Pres. Trump releases $1.1 trillion ‘hard power budget’ with cuts to State Dept, EPA

President Donald Trump released a $1.1 trillion budget outline Thursday that proposes a $54 billion increase in defense spending corresponding cuts to non-defense spending at the State Department, the Department of Housing and Urban Development, the Environmental Protection Agency and dozens of other federal programs.

The blueprint features the broad strokes of Trump’s plan to dramatically remake the federal government. It includes plans to slash spending at everything from the National Institutes of Health to the Corporation for Public Broadcasting, while boosting spending at the Pentagon.

Mick Mulvaney, Trump’s director of the Office of Management and Budget, described the proposal as a “hard power budget” in a Wednesday briefing with reporters, meaning the Trump administration will prioritize defense spending over diplomacy and foreign aid.

In that vein, the administration will recommend a 28% cut to the State Department, Mulvaney said, including a 38% reduction in foreign aid spending.

A US official told CNN earlier this month that cuts would come from the State Department’s Bureau of International Organization Affairs and projects the fund programs at United Nations.

“There is no question that this is a hard power budget, it is not a soft power budget,” Mulvaney said. “This is a hard power budget and that was done intentionally. The President very clearly wants to send a message to our allies and our potential adversaries that this is strong power administration.”

The budget makes good on a series of promises Trump made on the campaign trail, including reductions in the EPA in an attempt to “shrink the role of government” in American’s lives.

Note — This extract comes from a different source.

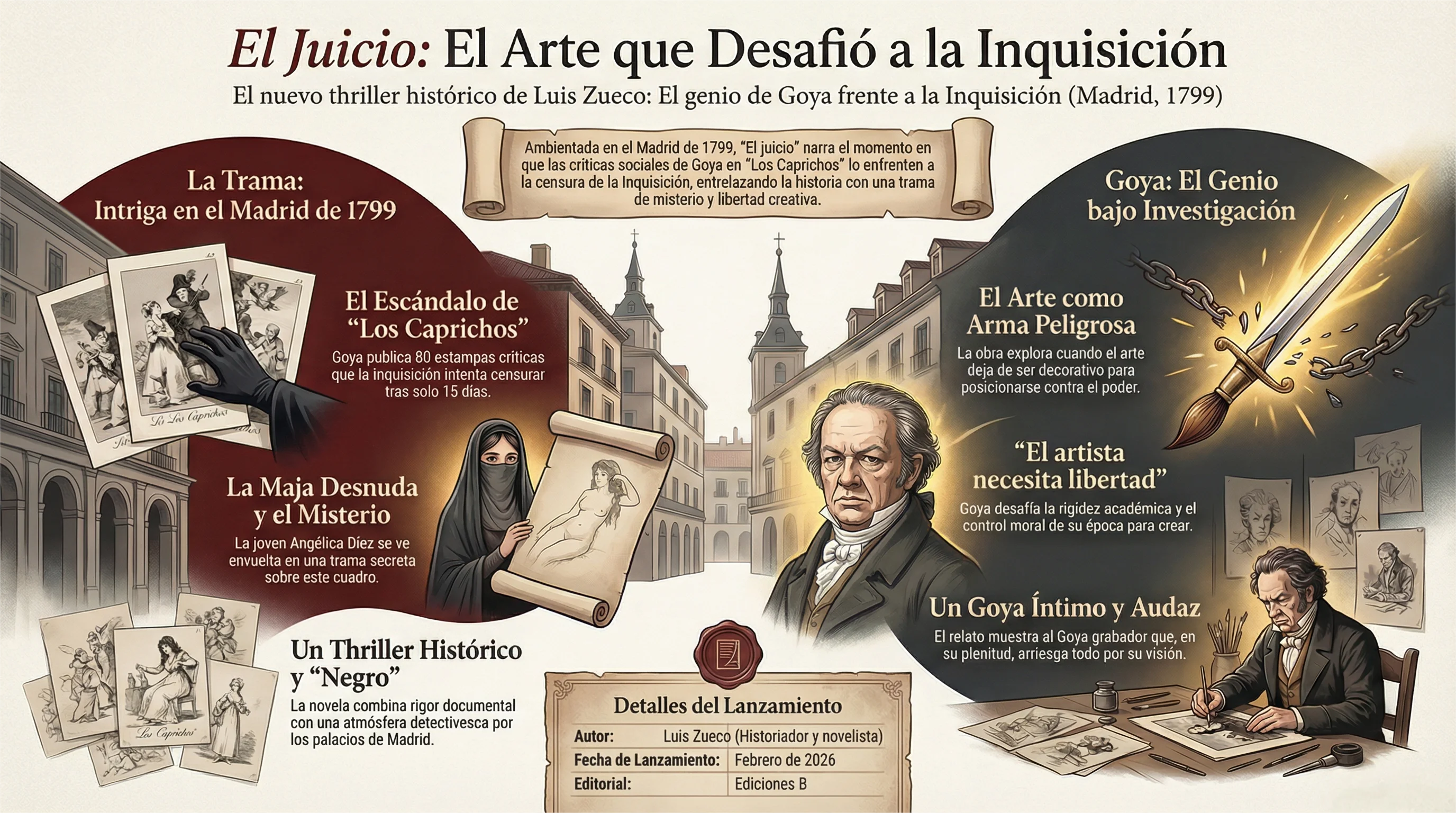 Infografía de El Juicio - La Inquisición Contra Goya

Sources inside the EPA have told CNN that they anticipate at least 25% in budget cuts, and possibly deeper. Discussions have been ongoing for weeks regarding these cuts, which are expected to include grants to states aimed at protecting air, water and land.

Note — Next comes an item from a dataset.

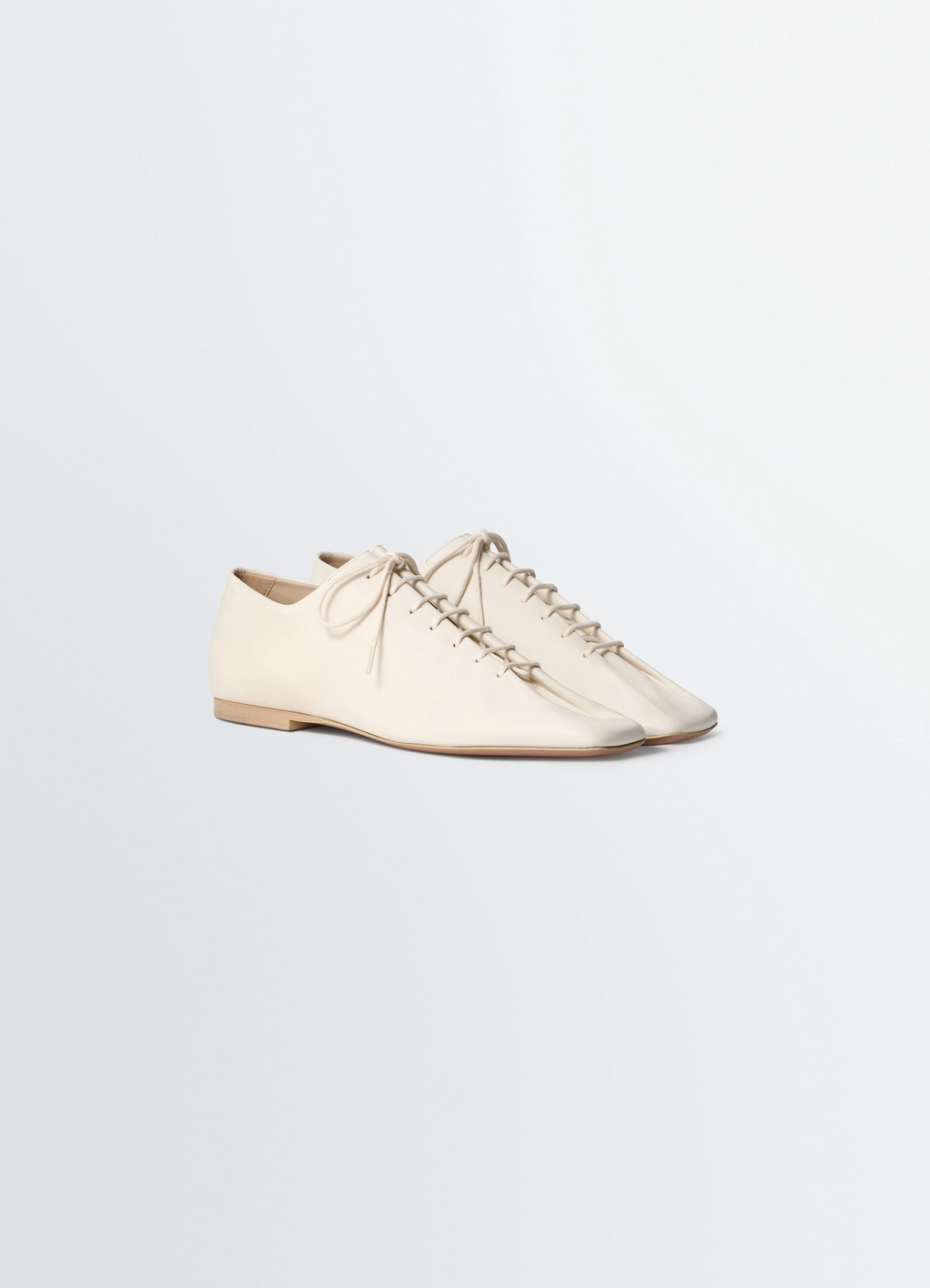 SOURIS FLAT CLASSIC DERBIES IN LEATHER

Mulvaney said Wednesday that “core functions of the EPA can be satisfied with this budget,” but officials at the EPA disagree.

“It is a sad day when a group of millionaires and billionaires in Washington can decide what’s best for America’s health and environment,” said John O’Grady, head of the union that represents EPA employees. “How can this administration tell America that we will have clean air and clean water with a 25% reduction in US EPA’s budget?”

He added: “The US EPA is already on a starvation diet, with a bare-bones budget and staffing level. The administration’s proposed budget will be akin to taking away the Agency’s bread and water.”

The budget blueprint is not a complete budget, meaning it will not include revenue projections, any impacts to mandatory spending and policy projections. But it will detail what Trump plans to spend his biggest 2016 campaign promise: Building a border wall along the US-Mexico border.

According to Mulvaney, the budget will include a request for $1.5 billion as the first installment payment for Trump’s promised wall and then another installment of $2.26 billion in 2018.

Mulvaney said, though, that the White House was unable to answer how much the wall will eventually cost or how many miles it will cover.

“We don’t know the answer to that question because we haven’t settled on construction types, we haven’t settled on where we’re going to start,” Mulvaney said. “I think the funding provides for a couple of different pilot cases.”

The Trump administration will release its full budget in May and, according to Mulvaney, that is when the 10-year projection on the border wall will be outlined.

In their first budget proposal, the White House announced in February that they planned to increase defense spending to $603 billion and decrease non-defense discretionary spending to $462 billion — a swap of roughly $54 billion between the two government buckets.

Mulvaney also said Wednesday that the Department of Housing and Urban Development should expect cuts.

Trump, Mulvaney said, wants to “get rid of programs that don’t work” and that “a lot of those are in HUD.”

Mulvaney said they will “move money around” HUD and not create any new programs.